I've generally had good results from mailing the creator when there's no
license mentioned - they usually didn't bother and will add a license, and
often quite flexible about which license.

------
jawngee
My standard contract terms:

* Deposit required, typically 25%, depends mostly on the estimated length of the project.

* Payment on milestones (typically first beta and completion, possibly more depending on length of project)

* I own the IP until paid in full

* 50% kill fee less deposit

Though, honestly, I prefer day rate over project based fees. If I do a day
rate, payment is due every 15 days.

It's worth the $1-2K of going to a lawyer and getting a contract boiler
plated.

It basically boils down to this though: You are in business, act like it. I
don't do favors for clients I don't know. Once we establish trust and
relationships, I become a lot more flexible.

I thought when I started implementing these terms that I would lose business,
and I have lost a few projects because of them, but honestly if they can't
respect the terms, they probably aren't going to respect your work and you'll
be caught in that endless freelance/consultant cycle of hunting down payment.

It's your money though, do as you wish.

------
vilda
This is abandon-ware. I saw a lot of similar projects leaved open sourced
which died quickly in no-relevance. What a difference between healthy open
source project where you get support and bugs fixed...

------
ajhai
I worked on a project around a year back (something like fetch.io, but a
stripped version) and had a deal with the employer that we'll be sharing the
profits that are made from the service. He invested on the servers and the
premium accounts with various file hosting services. I took care of the entire
application. But he scrapped that project even before the beta is launched
saying that the operation costs are more and he see no point in launching the
service and also partly because of the legal issues involved in downloading
and distributing content from other services. After reading this post, I feel
like I should open source the code that I'm not using now.

------
latchkey
I don't get it. So instead of trying to get paid for your work, you give it to
them for free because they won't pay you?

------
gte910h
I suggest incremental payments and a deposit for any work of any size (which
this definitely counts of). We do 20% upfront, 50% on adhoc reasonably
functional demo, and 30% before uploading to apple/releasing code.

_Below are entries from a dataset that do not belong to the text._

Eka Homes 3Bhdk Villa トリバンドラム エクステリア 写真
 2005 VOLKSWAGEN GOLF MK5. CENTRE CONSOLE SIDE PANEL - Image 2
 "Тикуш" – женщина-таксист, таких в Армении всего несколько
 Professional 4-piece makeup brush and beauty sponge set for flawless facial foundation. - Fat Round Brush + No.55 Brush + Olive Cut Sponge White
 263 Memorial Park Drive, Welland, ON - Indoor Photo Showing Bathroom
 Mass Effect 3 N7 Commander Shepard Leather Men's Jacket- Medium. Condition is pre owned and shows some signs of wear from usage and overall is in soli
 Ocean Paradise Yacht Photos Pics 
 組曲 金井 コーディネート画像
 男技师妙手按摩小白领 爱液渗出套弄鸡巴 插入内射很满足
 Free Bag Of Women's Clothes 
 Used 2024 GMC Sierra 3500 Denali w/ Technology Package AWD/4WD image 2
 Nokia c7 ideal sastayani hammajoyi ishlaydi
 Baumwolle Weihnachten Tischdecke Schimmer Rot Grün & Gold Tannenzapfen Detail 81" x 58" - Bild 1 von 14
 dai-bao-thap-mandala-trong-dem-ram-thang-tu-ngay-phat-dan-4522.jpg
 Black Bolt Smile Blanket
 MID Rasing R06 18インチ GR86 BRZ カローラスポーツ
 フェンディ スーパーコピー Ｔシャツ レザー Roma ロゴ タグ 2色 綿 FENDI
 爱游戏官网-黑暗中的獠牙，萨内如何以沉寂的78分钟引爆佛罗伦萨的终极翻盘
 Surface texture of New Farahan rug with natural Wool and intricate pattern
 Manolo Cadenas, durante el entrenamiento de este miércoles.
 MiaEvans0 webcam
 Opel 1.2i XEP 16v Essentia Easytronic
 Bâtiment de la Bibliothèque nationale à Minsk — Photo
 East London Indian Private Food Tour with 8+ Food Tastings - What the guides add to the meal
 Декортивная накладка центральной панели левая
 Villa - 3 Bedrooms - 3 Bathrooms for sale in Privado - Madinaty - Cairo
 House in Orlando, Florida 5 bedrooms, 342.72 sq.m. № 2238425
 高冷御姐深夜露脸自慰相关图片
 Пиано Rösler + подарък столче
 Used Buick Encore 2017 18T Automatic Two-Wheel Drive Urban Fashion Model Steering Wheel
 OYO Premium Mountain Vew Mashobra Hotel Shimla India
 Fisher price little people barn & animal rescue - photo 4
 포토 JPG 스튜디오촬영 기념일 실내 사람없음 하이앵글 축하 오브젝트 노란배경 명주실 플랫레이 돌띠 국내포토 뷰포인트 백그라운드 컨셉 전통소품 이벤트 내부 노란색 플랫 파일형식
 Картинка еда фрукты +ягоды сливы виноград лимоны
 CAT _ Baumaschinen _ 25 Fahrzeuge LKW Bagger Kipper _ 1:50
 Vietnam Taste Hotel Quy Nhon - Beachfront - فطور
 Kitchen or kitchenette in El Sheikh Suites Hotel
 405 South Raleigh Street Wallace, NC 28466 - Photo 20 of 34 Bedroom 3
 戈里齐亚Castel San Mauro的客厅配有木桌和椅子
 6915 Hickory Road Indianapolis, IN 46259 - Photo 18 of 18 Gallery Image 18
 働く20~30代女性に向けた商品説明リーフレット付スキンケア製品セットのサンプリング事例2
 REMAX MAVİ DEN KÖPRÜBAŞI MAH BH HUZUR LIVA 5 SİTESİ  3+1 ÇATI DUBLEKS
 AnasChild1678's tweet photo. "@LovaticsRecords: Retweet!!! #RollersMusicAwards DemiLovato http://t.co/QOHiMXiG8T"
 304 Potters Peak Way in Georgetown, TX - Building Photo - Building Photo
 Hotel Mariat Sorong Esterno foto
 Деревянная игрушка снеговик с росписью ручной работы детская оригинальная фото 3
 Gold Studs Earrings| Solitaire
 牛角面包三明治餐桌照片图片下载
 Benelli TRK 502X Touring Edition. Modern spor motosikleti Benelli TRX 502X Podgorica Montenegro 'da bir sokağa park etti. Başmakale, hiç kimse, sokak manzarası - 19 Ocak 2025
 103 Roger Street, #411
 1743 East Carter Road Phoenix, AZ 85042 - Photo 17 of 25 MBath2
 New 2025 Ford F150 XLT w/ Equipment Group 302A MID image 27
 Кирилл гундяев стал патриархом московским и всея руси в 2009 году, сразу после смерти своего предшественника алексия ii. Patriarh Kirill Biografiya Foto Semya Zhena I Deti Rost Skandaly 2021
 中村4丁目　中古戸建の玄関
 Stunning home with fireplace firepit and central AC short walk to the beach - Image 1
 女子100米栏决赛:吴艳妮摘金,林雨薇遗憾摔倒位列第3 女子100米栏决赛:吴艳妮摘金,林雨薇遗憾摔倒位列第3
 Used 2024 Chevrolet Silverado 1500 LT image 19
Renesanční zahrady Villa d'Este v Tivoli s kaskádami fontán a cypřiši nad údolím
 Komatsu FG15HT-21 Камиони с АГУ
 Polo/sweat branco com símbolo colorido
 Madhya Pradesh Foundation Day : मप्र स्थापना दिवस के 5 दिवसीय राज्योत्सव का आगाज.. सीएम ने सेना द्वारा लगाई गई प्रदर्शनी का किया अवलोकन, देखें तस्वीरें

My company's iPhone fixed fee contracts state that you surrender all rights to
the work after a (long) term of non-payment and still owe the amount due so
things just like this can be done when people just disappear off the face of
the earth but yet salaries and contractors and artists still need to be paid
for all that time.

------
Don_Wallace
Asking for a deposit for a project does something very important: it pre-
qualifies the party asking for the work in multiple dimensions.

Here's what I mean. If they can get you a check cut for a portion of the
amount of the project, then you just learned three important things about
them: (a) they take you and the project seriously and are committed to your
doing it; (b) they have both the signing and check writing authority to
commission the project; and (c) they are able to control their organization
from their end in order to make the project happen.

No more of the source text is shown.